### To do
Take the listing below and write it out again exactly, skipping any picture that it holds.

### Provided material

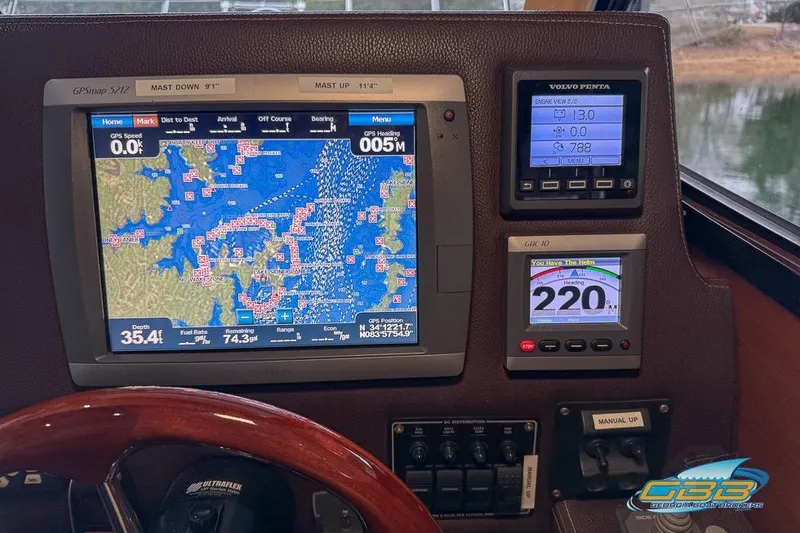 Slide: The Image of 2013 Cutwater C-28 helm with navigation controls and cushioned seating. - 36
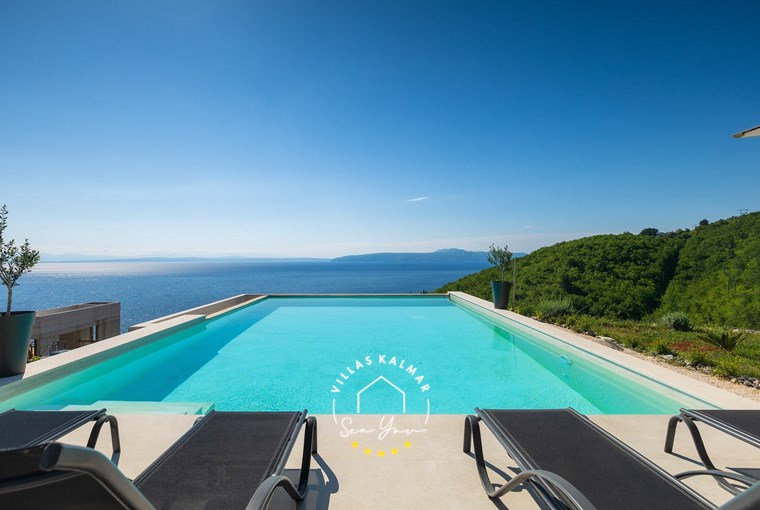 Private pool of villa with sun loungers and sea view in Labin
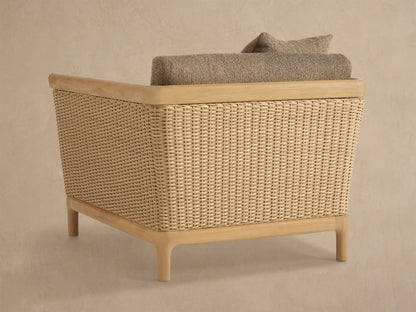 Close-up of Puglia Outdoor Teak Lounge Chair. Light teak wood armrest, woven wicker side, and textured brown cushions with a toss pillow.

### Written reply
 Slide: The Image of 2013 Cutwater C-28 helm with navigation controls and cushioned seating. - 36
 Private pool of villa with sun loungers and sea view in Labin
 Close-up of Puglia Outdoor Teak Lounge Chair. Light teak wood armrest, woven wicker side, and textured brown cushions with a toss pillow.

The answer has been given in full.